Novak Djokovic is aiming to secure a 10th men's singles crown at the Australian Open ©Getty Images

World number one Novak Djokovic is set to compete at the upcoming Australian Open after revealing that he has received "exemption permission" not to have a COVID-19 vaccination.

The participation of the 34-year-old Serbian star has been the subject of much debate due to his refusal to reveal his vaccination status.

Players must be vaccinated to be allowed to compete at the Australian Open, but certain medical exemptions are available and Djokovic claims to have received one.

Speculation over whether the nine-time Australian Open champion will participate at the opening Grand Slam of the year had increased when he withdrew from the Association of Tennis Professionals Cup in Sydney last week.

But Djokovic has now taken to social media to confirm that he is on his way to Australia and posted a picture of himself at an airport.

The Australian Open is scheduled to be held from January 17 to 30.

Djokovic wrote on Instagram: "Happy New Year, everybody!

"Wishing you all health, love, and happiness in every present moment and may you feel love & respect towards all beings on this wonderful planet.
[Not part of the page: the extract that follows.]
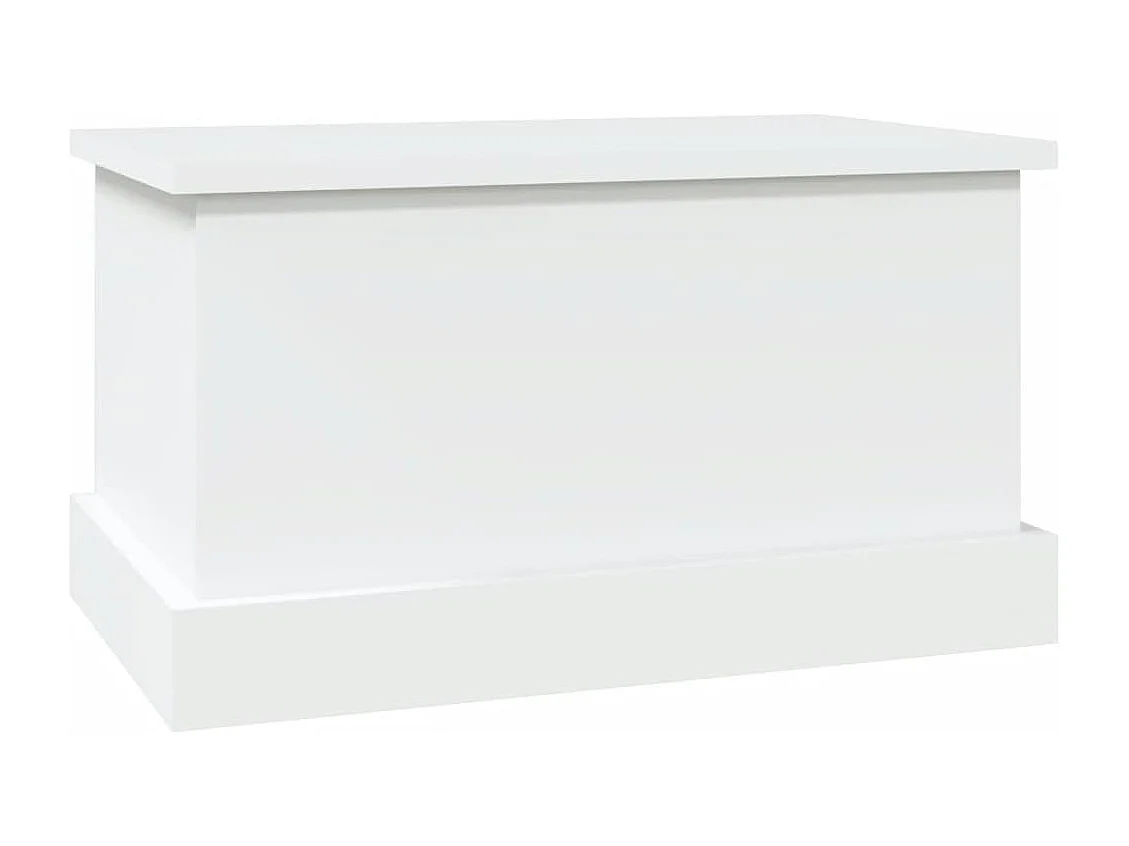 Coffre de rangement Blanc 50x30x28 cm Bois d'ingénierie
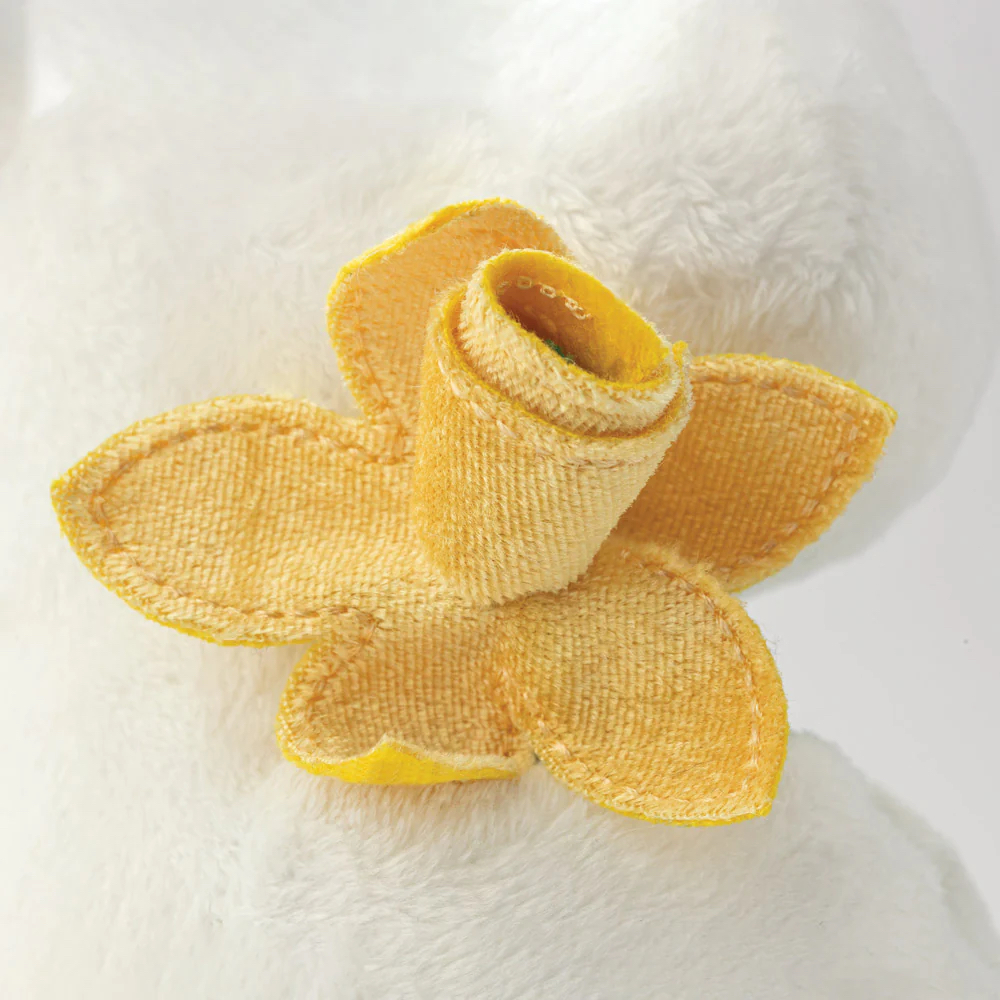 Moomintroll Cuddly Toy - Holding a daffodil - 18 cm - 4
"I've spent fantastic quality time with my loved ones over the break and today I’m heading Down Under with an exemption permission.

"Let’s go 2022!!"

Organisers of the Australian Open had previously warned that all players would need to be vaccinated to take part - a policy which Djokovic's father recently described as "blackmail" as he cast doubt on whether his son would play.

But tournament director Craig Tiley later confirmed that unvaccinated players will be able to compete if granted a medical exemption by an independent panel of experts.

"Every athlete coming into Australia has to be vaccinated and show proof of that, or has to have made application from a medical exemption," said Tiley.

"In the case of tennis players, that's far more rigorous than anyone coming into Australia applying for a medical exemption.

"There are two medical panels that assess any application, and they assess it in a blind way. 

"They don’t know who the applicant is.

"Against the guidelines, an exemption gets granted or not. The reason for granting the exemption remains private, between the panel and the applicant.

"We know of athletes that have applied for an exemption and in cases, it’s been granted.

"Some of those [players] have indicated that they’re here, but that’s up to the athlete, to disclose and [decide] whether they want to share that information."

Tiley also anticipates that up to 95 per cent of players at the Australian Open will be vaccinated against coronavirus.

Tennis Australia and Victoria's Deputy Premier James Merlino both denied claims last month that Djokovic had grounds to apply for a medical exemption to allow him to compete in Australia without being inoculated.

Merlino insisted medication exemptions were "not a loophole for privileged tennis players".

Djokovic has won the past three editions of the Australian Open and is tied for the record number of men's singles Grand Slam titles on 20, alongside Switzerland's Roger Federer and Spain's Rafael Nadal.

The Serbian has been training in Marbella in Spain in recent days but has not played a competitive match since the Davis Cup Finals in early December.